When you get that little envelope and you know it’s about your pension, that’s the question you’ll be asking. Typically – you won’t get much of an answer from your pension illustration -even if it is the new type pioneered by Ruston and Quietroom.
What illustrations are designed to do is tell you how far you’ve got towards your destination and you can bet a pound to a dollar that it’s not far enough. The impact of a pension illustration should be to get you reaching for your bank details to shove more money the provider’s way.
But what you won’t get is a sense of how your money’s worked for you, let alone whether you could do better elsewhere. In terms of messaging it’s
- stick with us
- give us more money.
Which is not what we opened the envelope for
Now a bit to think about..
Every time you’ve given your pension some money or your employer’s given some money on your behalf – you’ve “made a contribution”. A contribution buys you rights to your money back in the future, and your rights are stored in something – rather prosaically called “units”. Every unit your contributions buy have a price and that price changes every day. If you plot the price of your units day after day, you can get a unit price history which might look this (if you’re lucky)

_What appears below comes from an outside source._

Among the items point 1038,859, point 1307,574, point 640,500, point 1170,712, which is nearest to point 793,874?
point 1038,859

or like this – if you aren’t
But this means nothing to me (oh Vienna!)
We don’t get to know about what’s happened to the money through charts of unit price histories.

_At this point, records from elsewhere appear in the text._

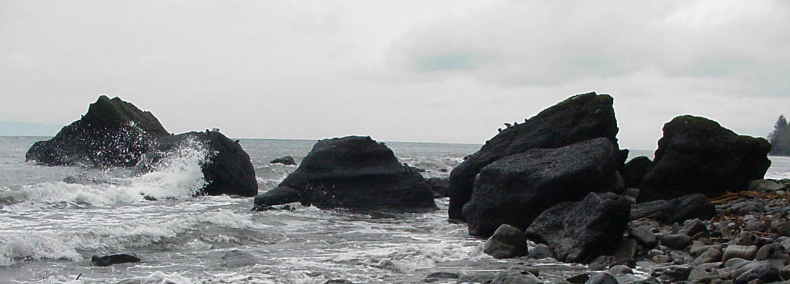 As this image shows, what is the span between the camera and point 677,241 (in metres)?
9.08

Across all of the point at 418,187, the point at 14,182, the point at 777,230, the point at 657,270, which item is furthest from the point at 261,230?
the point at 14,182

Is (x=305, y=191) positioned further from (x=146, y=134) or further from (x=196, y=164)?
(x=146, y=134)

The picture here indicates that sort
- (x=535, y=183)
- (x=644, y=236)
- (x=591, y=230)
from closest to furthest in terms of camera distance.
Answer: (x=591, y=230) → (x=644, y=236) → (x=535, y=183)

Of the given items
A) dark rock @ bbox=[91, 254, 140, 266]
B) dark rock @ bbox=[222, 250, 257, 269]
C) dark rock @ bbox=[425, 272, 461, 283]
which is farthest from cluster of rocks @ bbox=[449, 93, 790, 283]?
dark rock @ bbox=[91, 254, 140, 266]

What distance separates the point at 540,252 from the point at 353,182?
7.98 metres

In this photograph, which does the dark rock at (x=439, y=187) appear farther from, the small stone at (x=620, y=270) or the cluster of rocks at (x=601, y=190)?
the small stone at (x=620, y=270)

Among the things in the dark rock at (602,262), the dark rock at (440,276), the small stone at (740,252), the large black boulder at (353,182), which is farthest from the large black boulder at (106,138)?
the small stone at (740,252)

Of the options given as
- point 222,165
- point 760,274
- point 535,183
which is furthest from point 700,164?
point 222,165

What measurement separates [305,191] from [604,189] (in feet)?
25.2

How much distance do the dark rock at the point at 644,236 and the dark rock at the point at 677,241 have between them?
137mm

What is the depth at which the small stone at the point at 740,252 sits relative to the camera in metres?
7.75

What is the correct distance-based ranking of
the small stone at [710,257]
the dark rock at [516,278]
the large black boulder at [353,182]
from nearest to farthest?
the dark rock at [516,278]
the small stone at [710,257]
the large black boulder at [353,182]

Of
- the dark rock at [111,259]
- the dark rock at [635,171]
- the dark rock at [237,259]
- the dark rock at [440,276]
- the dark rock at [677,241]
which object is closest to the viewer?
the dark rock at [440,276]

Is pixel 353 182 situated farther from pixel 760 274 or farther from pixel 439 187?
pixel 760 274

We need something to make this real
When you buy units, the clock starts and it ticks to the day you sell those units. You and your boss could make hundreds of unit purchases and each those purchases has its own unit price history.
If you put all those unit price histories together you get one big unit price history – that is unique to you.
Guess what – it’s how you’ve done!
We can express how you’ve done as a percentage and call it an internal rate of return. But knowing your “real IRR” is 7.01% isn’t going to help you much. You want better than that.
You might be interested to know, that to calculate how you’d have done – whoever’s calculating has to also work out how many units have been sold and at what price.
You could work out a theoretical IRR without the money taken out. We can call this a gross IRR, if your IRR is 7.01 and your gross IRR is 8.01, then your ongoing charges are 1% pa.
Comparing your Gross IRR (the value interest) with your real IRR (the net interest), you can go a stage further and create a value for money score. The value for money score can give you two pieces of information “value” and “money” mixed together.
And now we’ve got a value for money score which is unique to how you’ve done!
That 76 score is based on how your VFM compares to other policies, all of which have a VFM score, and the more VFM scores out there – the more relevant that number becomes.
That number tells you how you’ve done relative to everyone else – and now we’re rally talking.
Wouldn’t it be great if every illustration had an AgeWage value for money score on it?